Okay, so you’ve got your attractive people, and you’ve established that they don’t like each other.  Now you need some outside factors that will put them together whether they like it or not so they can fall in love.  It’ll be like when you were a kid and you put some bees in a jar and shook it up, except, instead of stinging each other to death, they’re gonna f-ck, like your G.I. Joes.  So now, you need a reason for your characters have to take a road trip to Ireland together, or pretend to be married so she doesn’t get deported, or team up to find a buried treasure.  Maybe he’s been saying no to life, but one day he goes to a seminar and decides to say yes.  Or a hypnotist flips a switch inside him that makes him relaxed all the time.   Or maybe she takes coins from a magical Roman fountain and… Yeah, you get the picture.


Pretty self-explanatory, this one.  Riding horseback on the beach may also work, but only in case of Richard Gere.


(“But wait, he doesn’t even know how to bongo drum!”)

You have to fill 90 minutes, remember?  And once the couple has fallen in love and kissed in the rain, you can’t just end there.  Your audience needs a reason to cry.  Rich women’s lives are so otherwise boring that they love things that make them cry the way your sister loves firemen. Therefore, your couple who’ve just fallen in love need to split up again.  And this is going to be temporary, so it has to be for some stupid reason. The easiest way to accomplish this is to just make it the inverse of Step Six.  “Are you with me because you love me, or is it only because you _____!”  The blank can be: Made a bet with your boss that you could attract anyone in ten days, promised to say yes to everything, found my coin in a magic fountain, needed me to help lead you to a treasure, etc.  “But, baby, that was before I fell in love!”  She knows, the audience knows, but she has to get super pissed and run away, otherwise there can’t be a big reunion at the end.  Oops, did I forget to say “spoiler alert”?  No, because this is a how-to guide, these don’t have spoilers.  Jackass.

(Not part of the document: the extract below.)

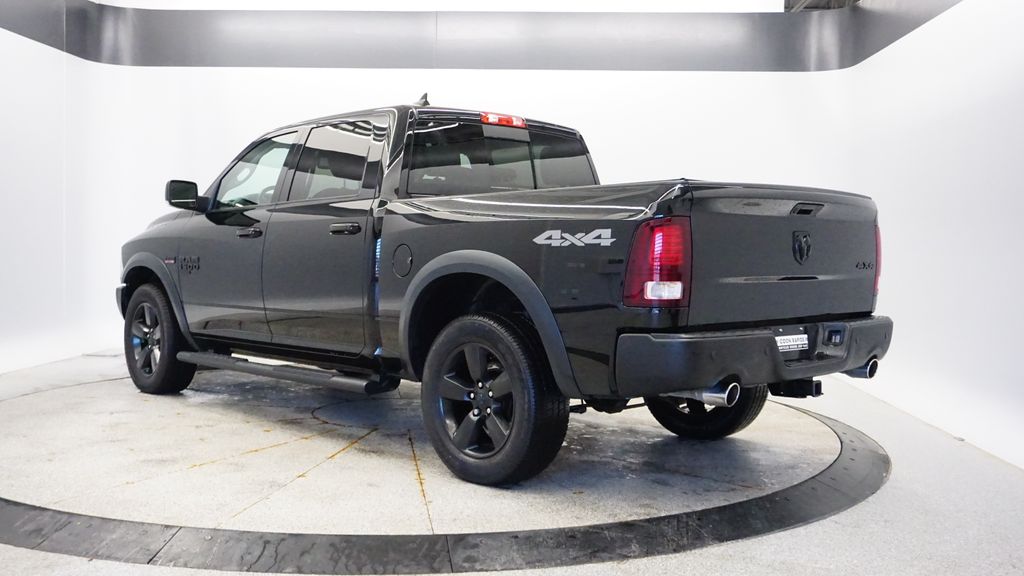 Thumbnail: 2019 RAM 1500 Classic - 3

The most famous of these is of course John Cusack in Say Anything standing outside his special lady’s window playing “In Your Eyes” on his boombox like a homo (I would’ve gone with “Wake Me Up Before You Go-Go”).  If you can’t think of anything that creative, just have him run through the airport screaming her name as she’s leaving town, or show up at the altar while she’s about to marry the wrong guy.  That sh-t always works.


If you’ve done steps one through nine correctly, your attractive white couple is living happily ever after and you’re making it rain in the strip club.  Now that you’re a big shot like me, let me let you in on another little secret, playa to playa.  The whores like it when you hit them.  They’ll act like they don’t, but they do.  Oh boy do they.